__Try it__
Restate the data below word for word, and let no image into your version.

__Data excerpt__
□ □ □ □ □ □ □

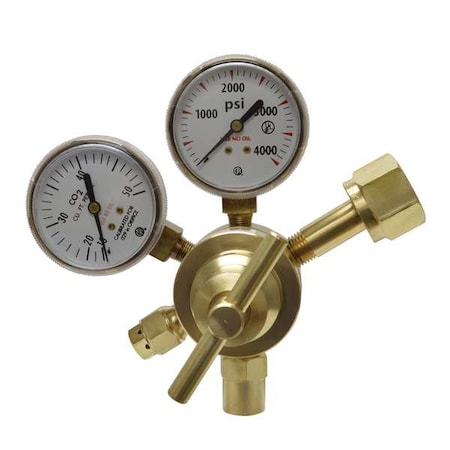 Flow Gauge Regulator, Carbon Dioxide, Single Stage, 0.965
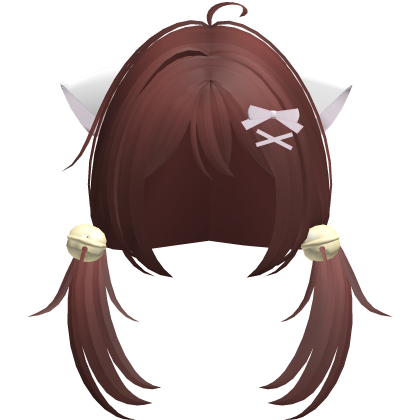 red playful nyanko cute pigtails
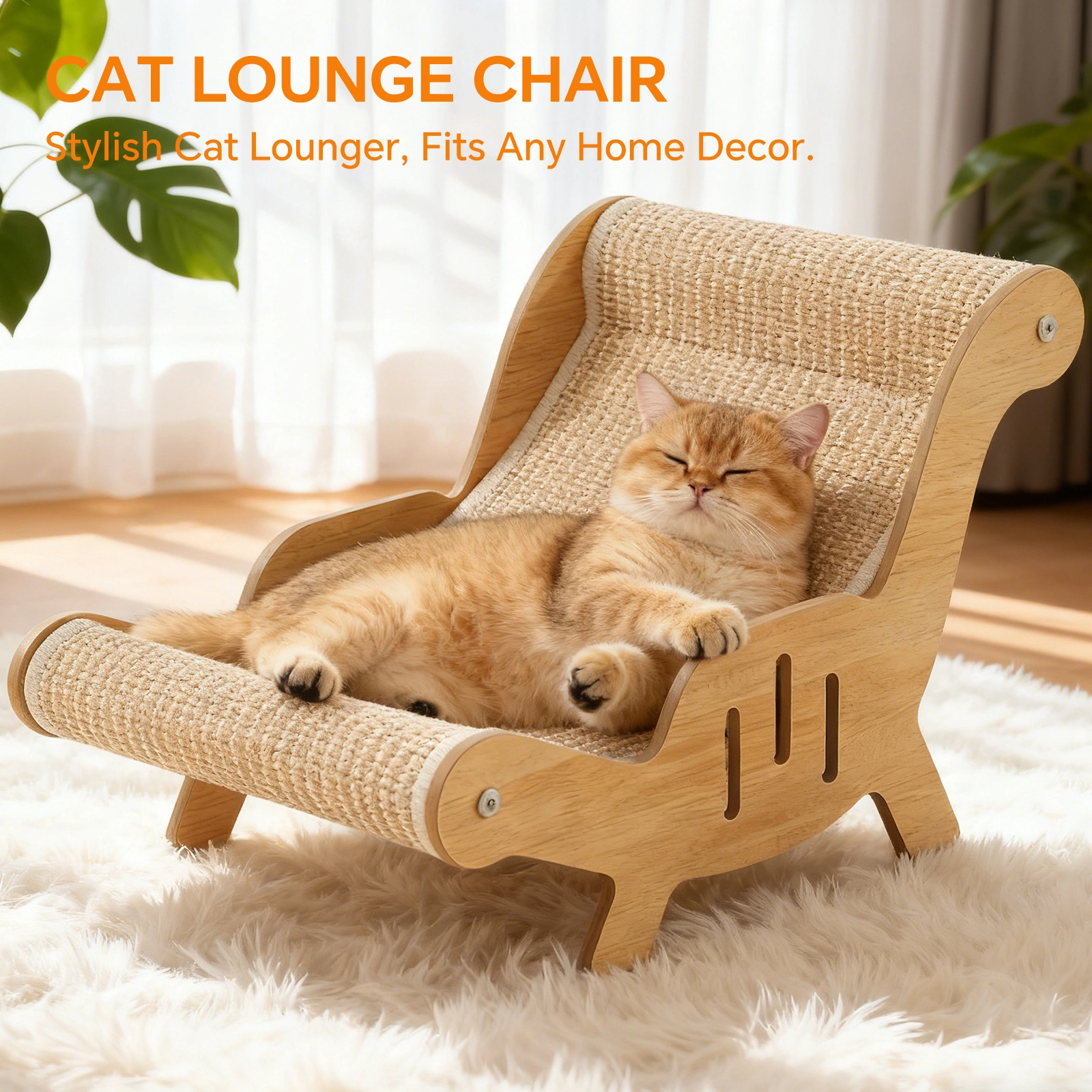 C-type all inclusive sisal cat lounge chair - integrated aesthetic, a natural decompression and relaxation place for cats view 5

□ □ □ □ □ □ □

__Output for this exercise__
 Flow Gauge Regulator, Carbon Dioxide, Single Stage, 0.965
 red playful nyanko cute pigtails
 C-type all inclusive sisal cat lounge chair - integrated aesthetic, a natural decompression and relaxation place for cats view 5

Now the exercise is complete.